By analysing those human cells, scientists can learn a lot about a person. For example, they can conduct genetic analysis and determine if a person has a particular mutation.

So what has this got to do with Parkinson’s disease?

Well, recently several research groups have been looking at saliva with the hope that biomarkers – chemicals that may allow for early detection or better monitoring of Parkinson’s disease – could be found.
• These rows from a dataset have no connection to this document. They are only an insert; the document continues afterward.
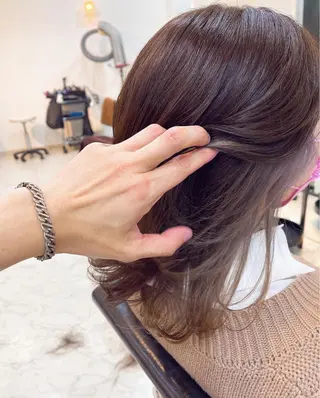 ミディアム カラー ☆毎月先着15名まで ☆シバタユートのヘアスタイル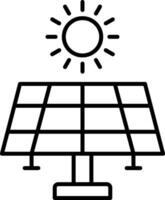 icona della linea di energia solare vettore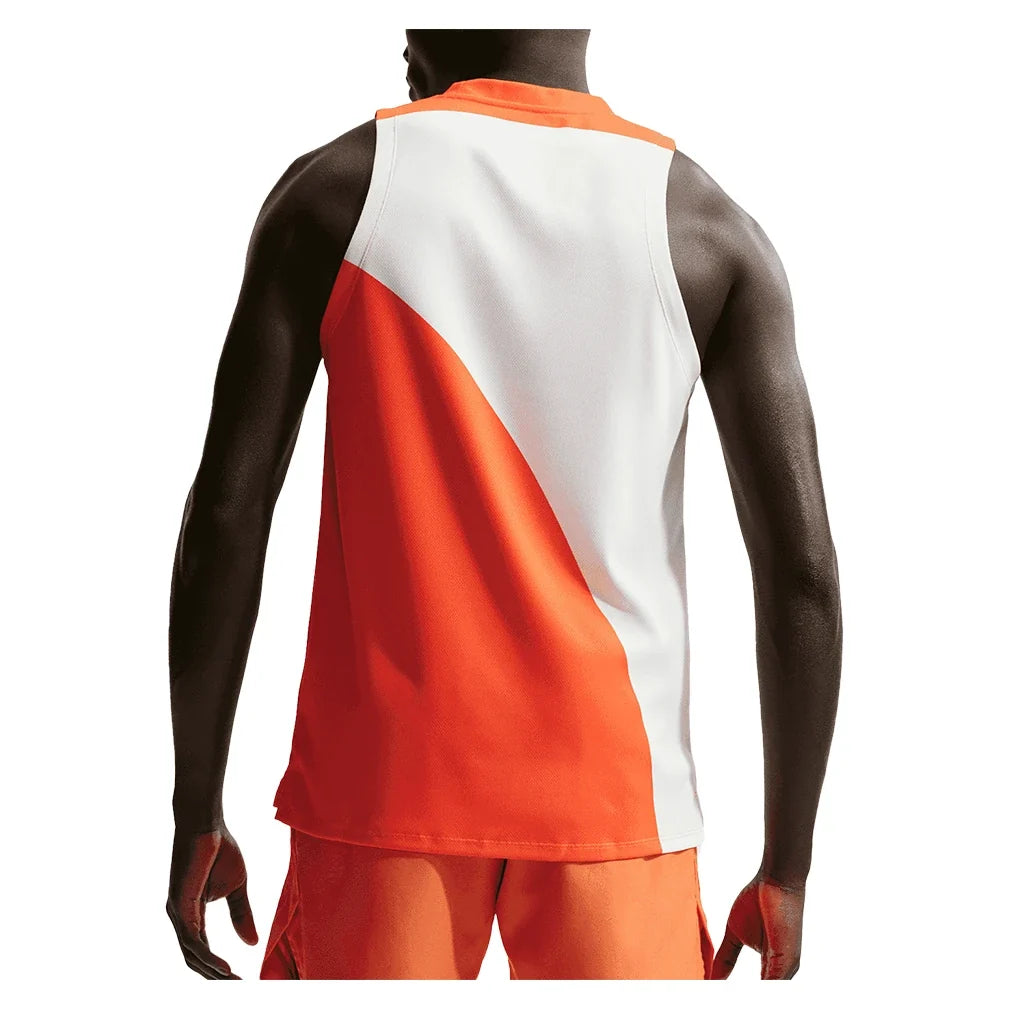 Men's Melbourne Court Dri-FIT Advantage Slam Print Tennis Tank-Apparel-Nike-IF1199-842-4-Tennis Express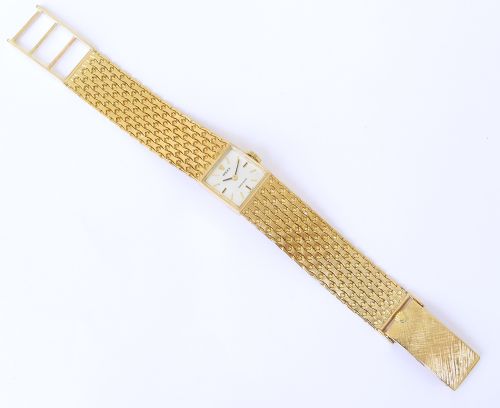 fig 3. Extremely Rare Solid Heavy 18ct Gold Ladies Rolex Precision c1963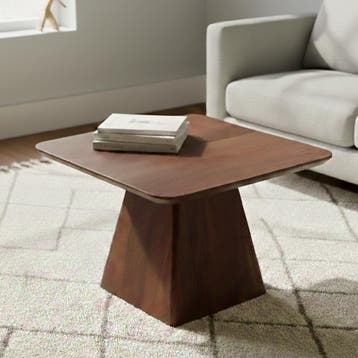 Salontafel Mangohout Salontafel Mick Vierkant Bruin 60x60 cm, Verzenden, Vierkant, Nieuw, Industriële meubels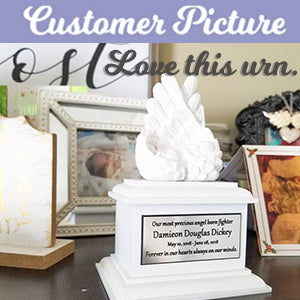 In Loving Arms Infant Urn - Baby Angel Urn For Infants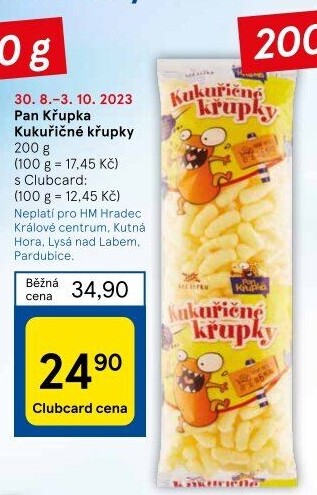 Kukuřičné křupky bez lepku Rej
And recently, some of that research has seemingly paid big dividends:


Title: Prevalence of Submandibular Gland Synucleinopathy in Parkinson’s Disease, Dementia with Lewy Bodies and other Lewy Body Disorders.
Authors: Beach TG, Adler CH, Serrano G, Sue LI, Walker DG, Dugger BN, Shill HA, Driver-Dunckley E, Caviness JN, Intorcia A, Filon J, Scott S, Garcia A, Hoffman B, Belden CM, Davis KJ, Sabbagh MN.
Journal: J Parkinsons Dis. 2016 [Epub ahead of print]
PMID: 26756744

In this study, published in January of this year, the researchers collected small biopsies of the submandibular gland (one of the three primary producers of saliva) from the bodies of people who died with various conditions (including Parkinson’s disease). They analysed the biopsies for alpha synuclein – the chemical in the brain associated with Parkinson’s disease. We have previously written about alpha synuclein, a chemical in the brain that is associated with Parkinson’s disease (for a primer on alpha synuclein, click here). They found that alpha synuclein was present in the saliva gland of 89% of the subjects who died with Parkinson’s disease, but none of the 110 control samples.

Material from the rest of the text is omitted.